First came the work of an Israeli aviation genius who in the 1970s started to develop aircraft with glider-like properties. Incredibly long, thin wings that could hold the plane aloft at altitude for hours on end, more than 24 hours flight.

This endurance is a fundamental reason why today’s armed drones, such as the General Atomics Reaper drone, are so in vogue. The key is keeping the pilots on the ground: the drones are lighter than manned aircraft and they don’t have to land when they get tired, they just swap seats with a fresh crew.

Their ability to loiter proved invaluable in the 1990s, during the escalating conflict in the former Yugoslavia. There was a dearth of good intelligence about Serbian tank and troop movements. US supersonic jets were struggling to spot the Serbian forces in the thick Balkan forests but the drones could stay on station for 24 hours at a time, kept their unblinking eye on their targets.

Combining this loitering with the second crucial advance, the use of transmitters to send the footage straight back to battlefield commanders, is credited with convincing Nato generals they needed to start bombing the Serbs again, so hastening the signing Dayton peace accords.

The US has since taken those Balkan systems further. The signal to control them, and the returning video footage, are now transmitted through satellite networks, not radio waves. In 2000 the US took the final leap forward when the Air Force and CIA became the first to successfully fit drones with missiles, as part of a failed CIA attempt to kill Osama bin Laden.

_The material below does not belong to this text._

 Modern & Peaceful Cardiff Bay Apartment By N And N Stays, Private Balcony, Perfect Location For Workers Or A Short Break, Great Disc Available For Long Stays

These satellite controlled hunter-killer drones allow pilots to control their aircraft from half a world away and it allows generals, spies and politicians to watch the war they are waging on the other side of the world, live on TV from anywhere in the world.

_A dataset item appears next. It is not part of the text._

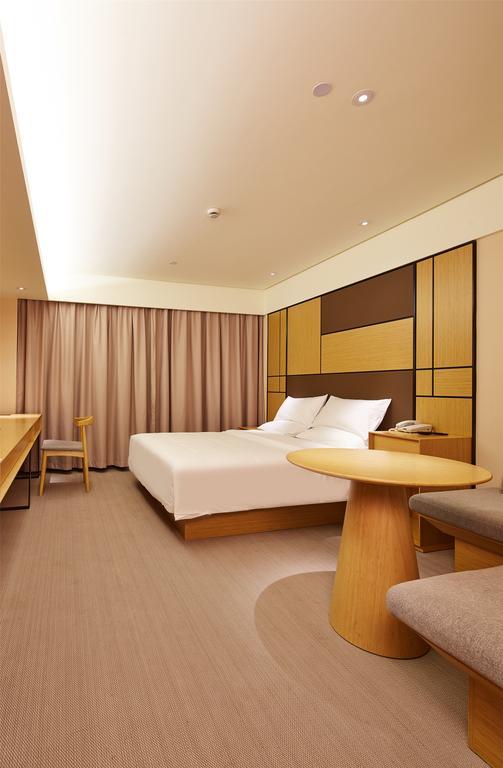 Ji Hotel Kunming Green Lake Branch Bagian luar foto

America’s drones started life as spy planes and were augmented to become assassination weapons. And they have been used in at least seven countries to fulfill exactly those roles, throughout Washington’s 15 year, ongoing war on terror. They have been hoovering up information, feeding the military’s insatiable demand for battlefield intelligence, and finding and killing terrorists and insurgents.

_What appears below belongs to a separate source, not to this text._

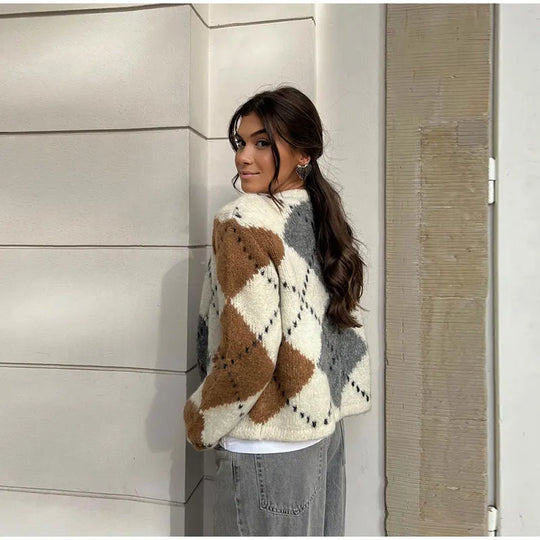 EB | Strickjacke Vielseitig & Stilvoll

The US drone war massively expanded under President Barack Obama. Responding to evolving militant threats and the greater availability of remote piloting technology, Obama ordered ten times more counter-terror strikes than his predecessor George W Bush over the course of his term.

It is not just that Obama has put more of a certain type of aircraft in the skies. The low-footprint nature of drone strikes – which can be carried out without having personnel in the country being hit – made it politically easier for the US to mount operations in countries with which it was not technically at war. Hundreds of strikes have been carried out in Yemen, Pakistan and Somalia, carried out by the highly secretive Central Intelligence Agency and Joint Special Operations Command at the Pentagon.

Advocates say the drone programme has saved American lives and reduced the need for messy ground operations like the 2003 invasion of Iraq. But it has also killed hundreds, if not thousands of civilians, according to data collected by the Bureau and the NGO Airwars - a reality which experts have warned could have a radicalising effect on the very societies US drones are trying to eliminate extremists from. Human rights organisations have lambasted the targeted killing programme for its “clear violations of international humanitarian law.”